Work task: Return, word for word, the lines running from the one that contains "IVDR Transition Support" to the final line of the listing below.
----- Data extract
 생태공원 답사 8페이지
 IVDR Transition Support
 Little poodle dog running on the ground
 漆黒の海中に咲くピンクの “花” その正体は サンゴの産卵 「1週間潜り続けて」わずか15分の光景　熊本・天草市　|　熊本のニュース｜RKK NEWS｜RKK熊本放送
----------
Task response:
 IVDR Transition Support
 Little poodle dog running on the ground
 漆黒の海中に咲くピンクの “花” その正体は サンゴの産卵 「1週間潜り続けて」わずか15分の光景　熊本・天草市　|　熊本のニュース｜RKK NEWS｜RKK熊本放送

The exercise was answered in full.